**Source data**

__________

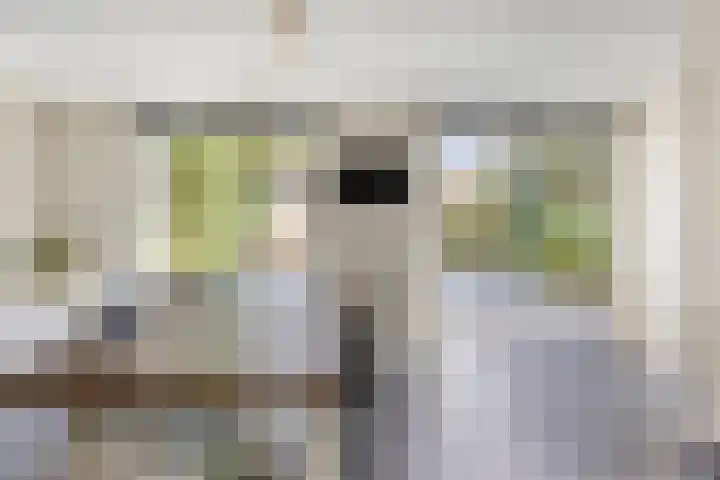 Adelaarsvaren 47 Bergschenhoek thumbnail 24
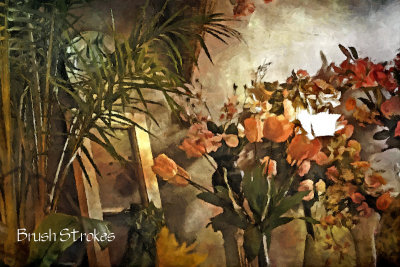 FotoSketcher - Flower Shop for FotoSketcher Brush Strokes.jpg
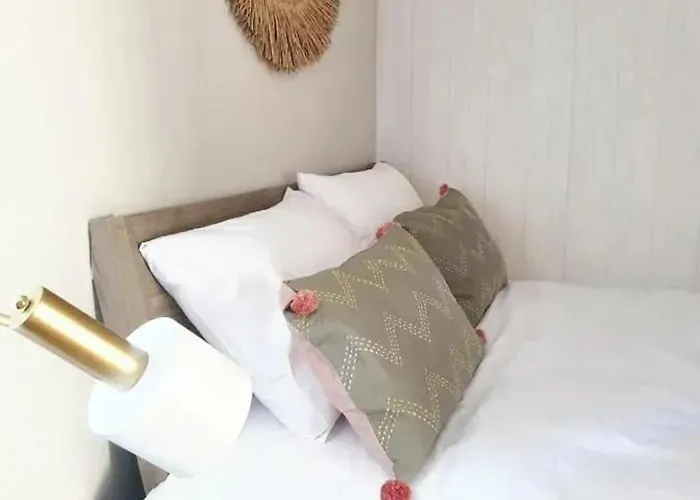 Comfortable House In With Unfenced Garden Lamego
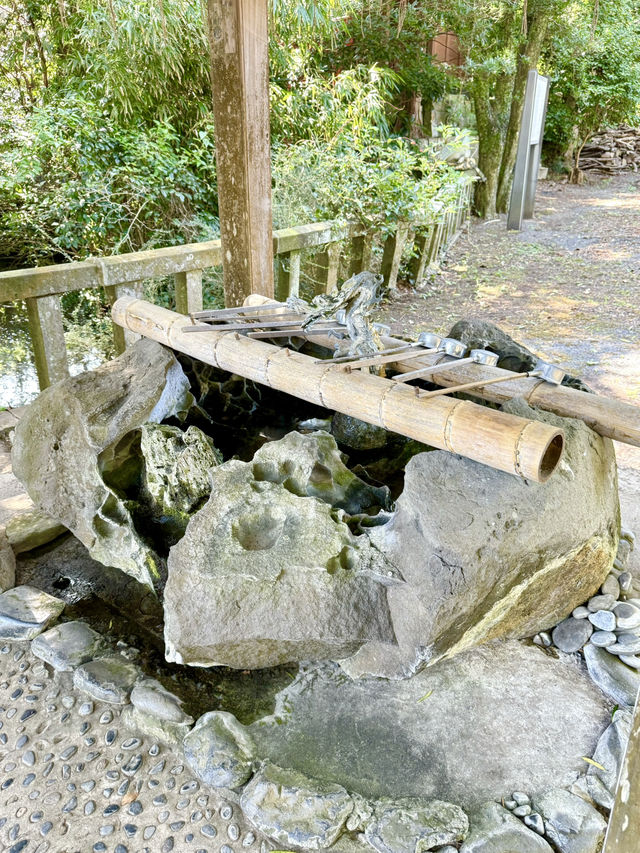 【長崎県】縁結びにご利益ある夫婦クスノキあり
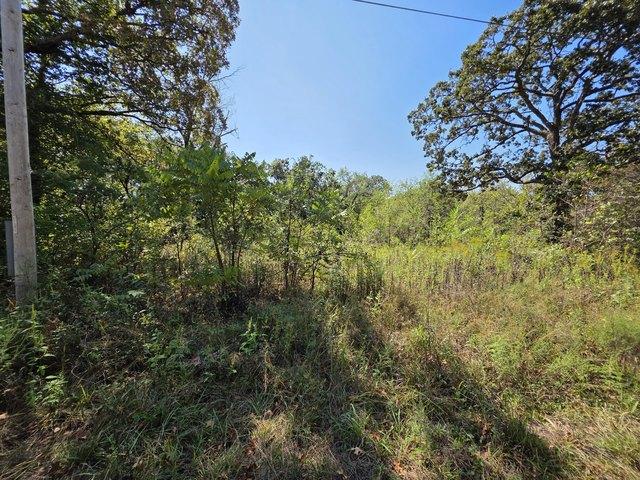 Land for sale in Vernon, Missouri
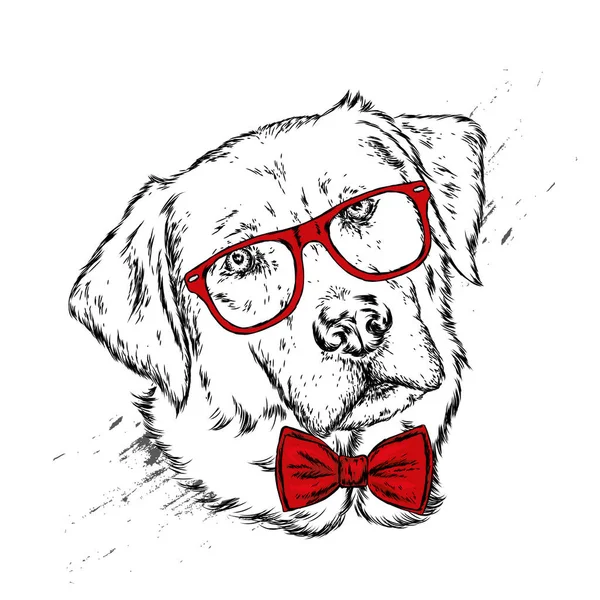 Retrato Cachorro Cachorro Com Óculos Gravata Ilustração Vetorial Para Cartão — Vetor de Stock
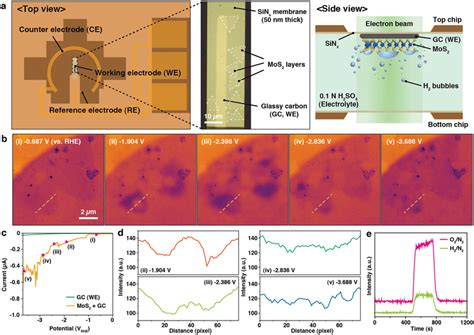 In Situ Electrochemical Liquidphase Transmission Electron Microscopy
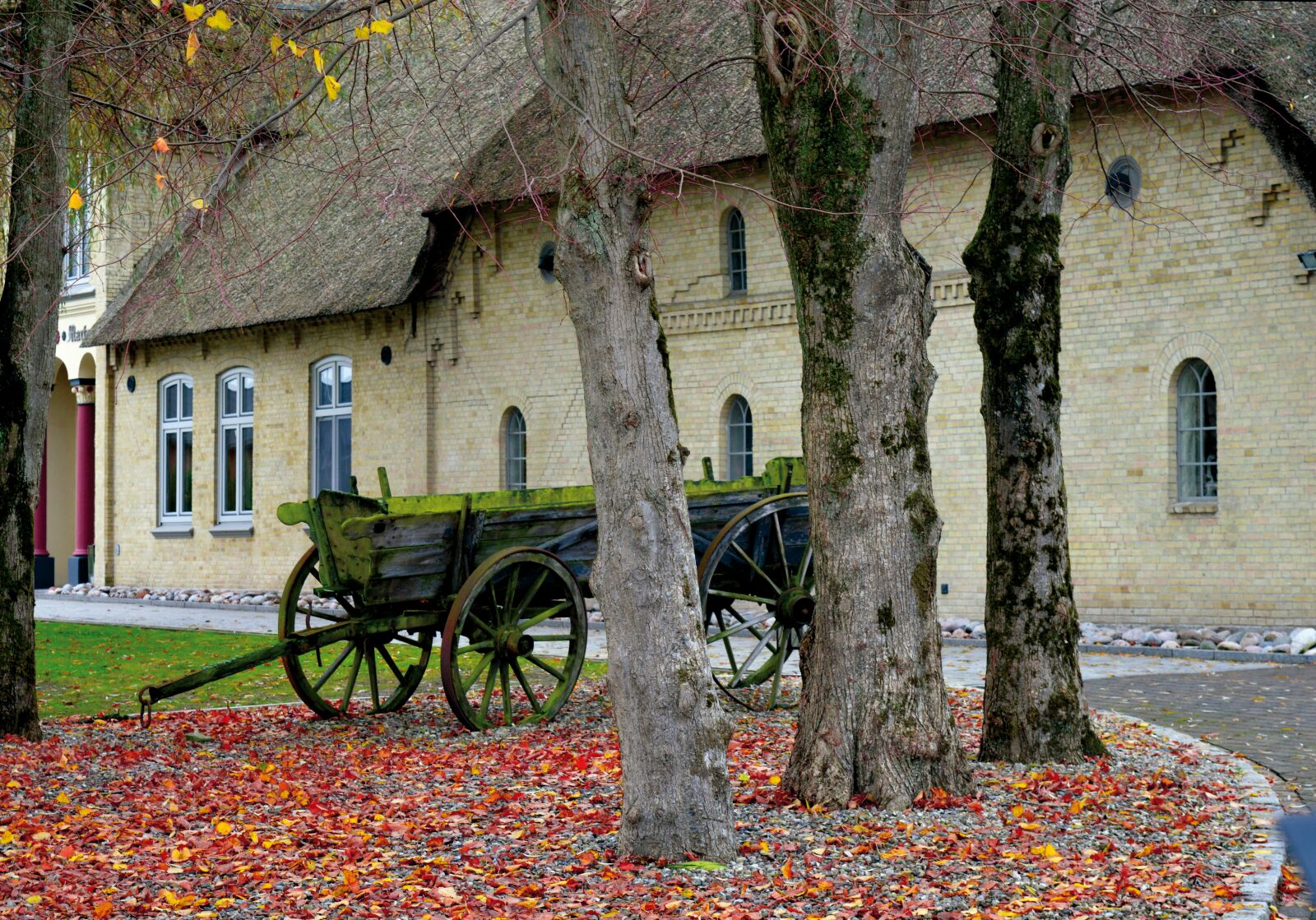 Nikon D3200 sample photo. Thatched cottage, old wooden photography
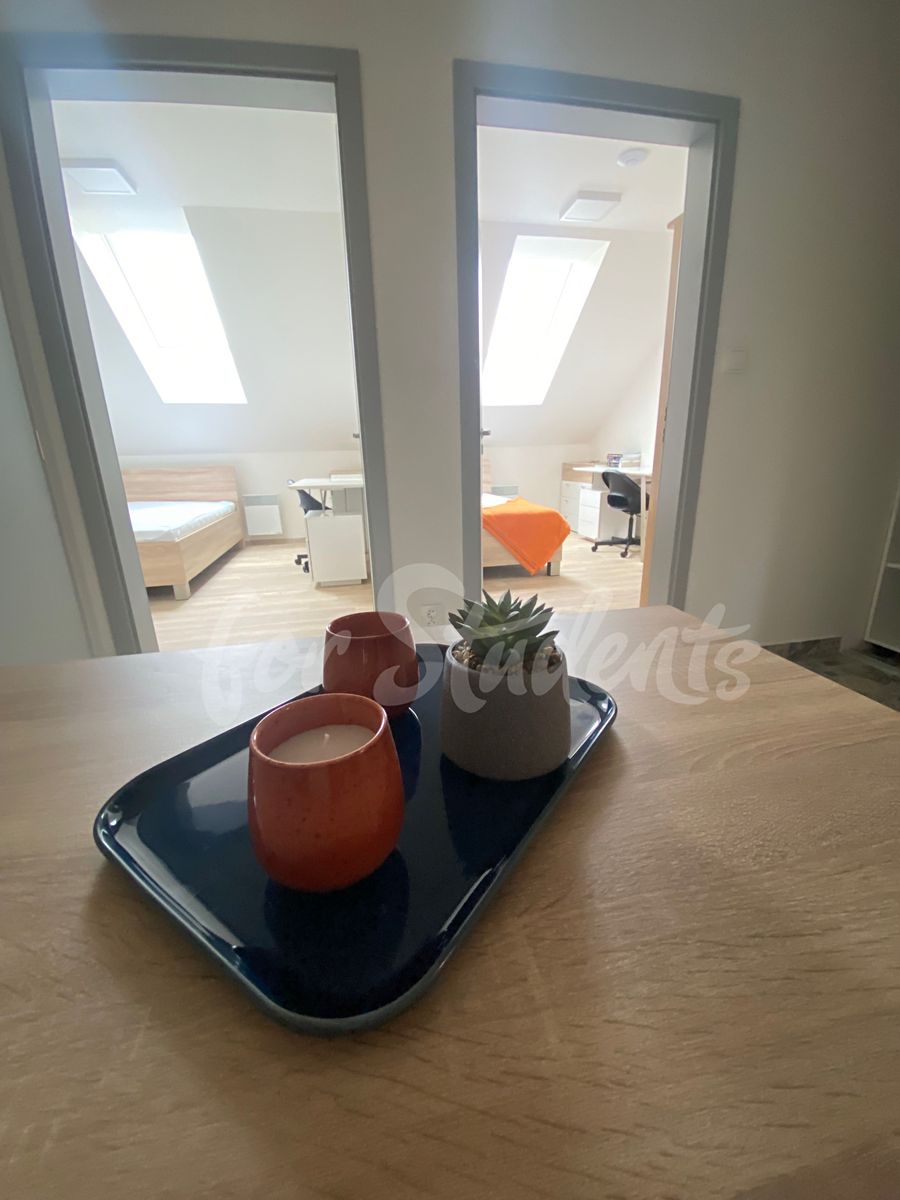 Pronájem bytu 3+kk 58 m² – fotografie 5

__________

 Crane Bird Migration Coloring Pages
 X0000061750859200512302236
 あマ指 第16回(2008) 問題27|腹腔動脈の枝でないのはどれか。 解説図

__________

**Problem requirements**
Your answer should be the lines above, word for word, from the line with "Adelaarsvaren 47 Bergschenhoek thumbnail 24" through the line with "Retrato Cachorro Cachorro", minus the pictures.

**Answer to this problem**
 Adelaarsvaren 47 Bergschenhoek thumbnail 24
 FotoSketcher - Flower Shop for FotoSketcher Brush Strokes.jpg
 Comfortable House In With Unfenced Garden Lamego
 【長崎県】縁結びにご利益ある夫婦クスノキあり
 Land for sale in Vernon, Missouri
 Retrato Cachorro Cachorro Com Óculos Gravata Ilustração Vetorial Para Cartão — Vetor de Stock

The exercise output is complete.